J. B. Harkin Father of Canada’s National Parks

The story of J.B. Harkin is just one of the many stories in the new Gateway to the Rockies exhibition being developed by the Whyte Museum of the Canadian Rockies.  We want your input and feedback on this permanent (ten year life) exhibition that we are planning to open at the Whyte Museum of the Canadian Rockies in the spring of 2012. Tell us what you think of this and the other concepts and stories featured here. Let us know how you think we could make this exhibition more interesting. Please keep in mind that this is a draft of the storyline, not the finished product. As the stories develop, information will be updated.

“The Parks shall be made use of in a manner that leaves them unimpaired for future generations.”

J. B. Harkin, 1947. Yousuf Karsh photographer. J. B. Harkin fonds (V84)

In 1911, when he was appointed the first commissioner of Canada’s new Dominion Parks Branch, James Bernard Harkin was handed the formidable task of creating a national parks service, the first national park service in the world.  Over the next 25 years, Harkin not only added to Canada’s parks, he also established a centralized agency to administer them and brought about the passage of Canada’s National Parks Act of 1930 that enshrined principles of conservation. He looked to Yellowstone for inspiration.

To Harkin, the effect of creating Banff as Canada’s first national park and the third national park in the world was significant, for it represented “a new Declaration of Rights—the right of the people to share in the use and enjoyment of the noblest regions in their own land, another great expression of the principle of Conservation—the duty of [a] nation to guard its treasures of art, natural beauty, or natural wonders for generations to come.”

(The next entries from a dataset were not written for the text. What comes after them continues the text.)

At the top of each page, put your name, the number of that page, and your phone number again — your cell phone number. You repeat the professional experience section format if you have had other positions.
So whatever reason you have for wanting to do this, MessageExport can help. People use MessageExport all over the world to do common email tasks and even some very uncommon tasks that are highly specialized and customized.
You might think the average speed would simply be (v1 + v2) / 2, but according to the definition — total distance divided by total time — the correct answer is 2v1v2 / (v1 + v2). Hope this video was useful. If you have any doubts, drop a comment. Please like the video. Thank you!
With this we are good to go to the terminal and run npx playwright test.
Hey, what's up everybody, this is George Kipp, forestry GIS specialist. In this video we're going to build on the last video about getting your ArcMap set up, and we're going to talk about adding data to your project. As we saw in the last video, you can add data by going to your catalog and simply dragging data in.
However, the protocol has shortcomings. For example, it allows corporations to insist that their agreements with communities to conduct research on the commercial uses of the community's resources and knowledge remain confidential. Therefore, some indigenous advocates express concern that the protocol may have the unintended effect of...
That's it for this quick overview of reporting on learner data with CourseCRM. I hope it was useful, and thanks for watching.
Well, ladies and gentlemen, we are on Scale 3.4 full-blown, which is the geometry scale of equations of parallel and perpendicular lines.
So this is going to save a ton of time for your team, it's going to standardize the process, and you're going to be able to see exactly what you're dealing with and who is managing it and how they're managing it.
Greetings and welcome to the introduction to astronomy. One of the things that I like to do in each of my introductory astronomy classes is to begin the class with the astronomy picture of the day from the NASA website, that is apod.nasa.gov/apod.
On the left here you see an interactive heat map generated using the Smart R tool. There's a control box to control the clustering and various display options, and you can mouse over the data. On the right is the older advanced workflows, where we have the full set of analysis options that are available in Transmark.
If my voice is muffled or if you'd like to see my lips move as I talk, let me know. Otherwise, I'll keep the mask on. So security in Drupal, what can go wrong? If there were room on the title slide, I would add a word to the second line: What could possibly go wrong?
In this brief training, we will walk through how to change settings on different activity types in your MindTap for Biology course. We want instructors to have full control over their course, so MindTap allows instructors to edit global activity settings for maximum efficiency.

Throughout his time as a civil servant, Harkin was at the center of the ongoing struggle to balance preservation and use. On one hand, he sold parks for their usefulness to the nation as tourist attractions. On the other, he strove to preserve outstanding areas of natural landscape and species of wildlife. Harkin believed these special places could make us all 'better, happier and healthier.' While overseeing the development of scenic roads and facilities to make the parks accessible to tourists, he established conservation policies that have maintained the parks’ natural beauty to this day. Not only did Harkin shape the future direction of the mountain parks, he also took the national parks beyond the mountains to conserve important ecological areas from coast to coast. Throughout his years as Commissioner he continually readjusted his views to bring his agenda into line with larger forces. The pressing issues confronted by Harkin in 1911 continue to resonate with us today.